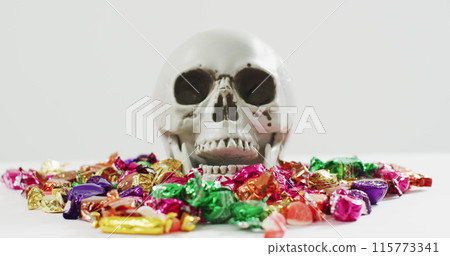 Image of happy halloween text over skull and sweets Image of happy halloween text over skull and sweets 115773341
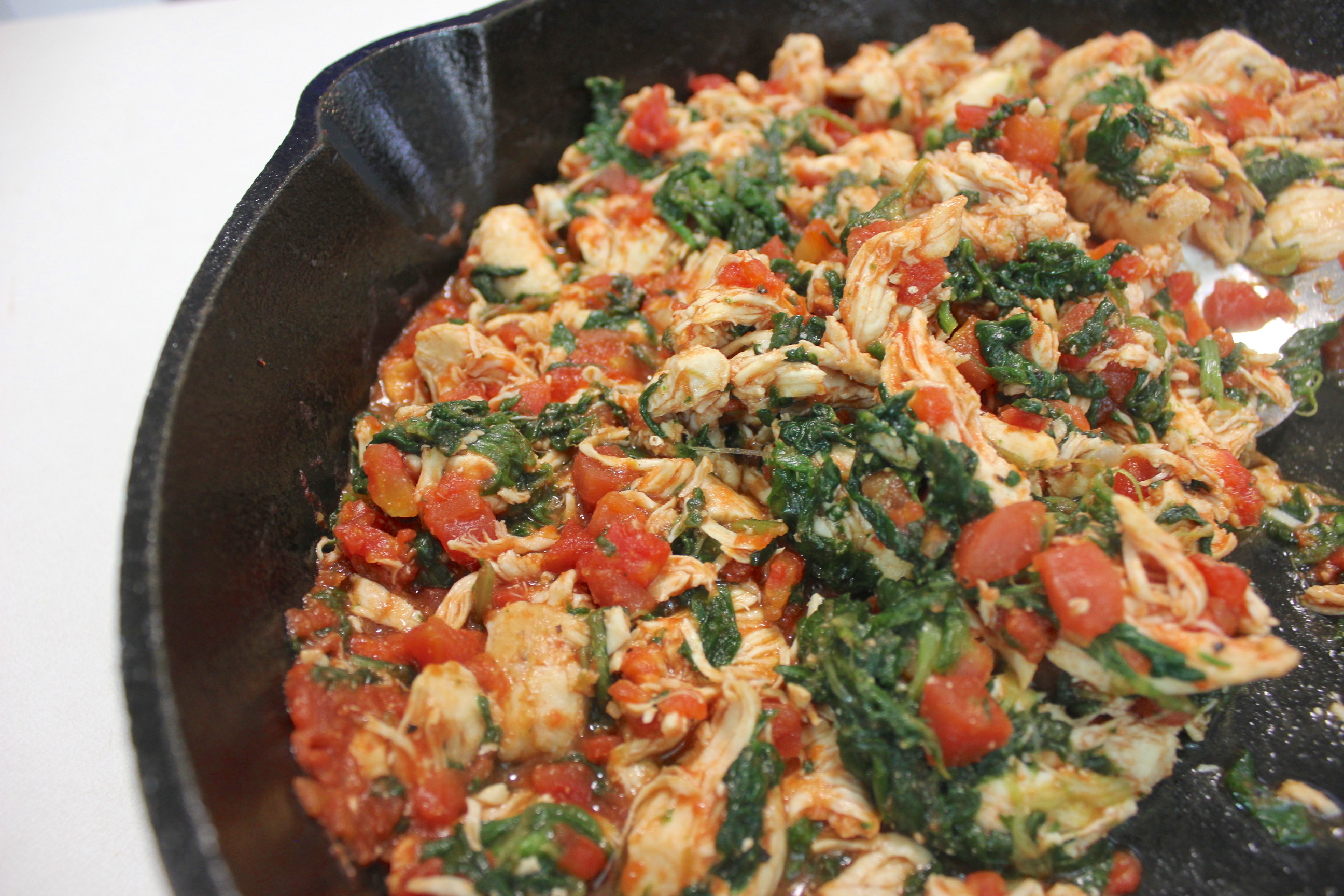 Stir-Fried Coconut Chicken with Spinach and Tomatoes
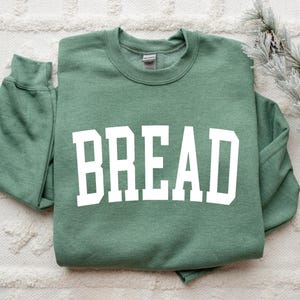 May include: A green sweatshirt with the word "BREAD" printed in white on the front.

::::

*Problem statement*:
What is needed here is an exact transcript of the data above, pictures excluded.

*Final answer*:
 Image of happy halloween text over skull and sweets Image of happy halloween text over skull and sweets 115773341
 Stir-Fried Coconut Chicken with Spinach and Tomatoes
 May include: A green sweatshirt with the word "BREAD" printed in white on the front.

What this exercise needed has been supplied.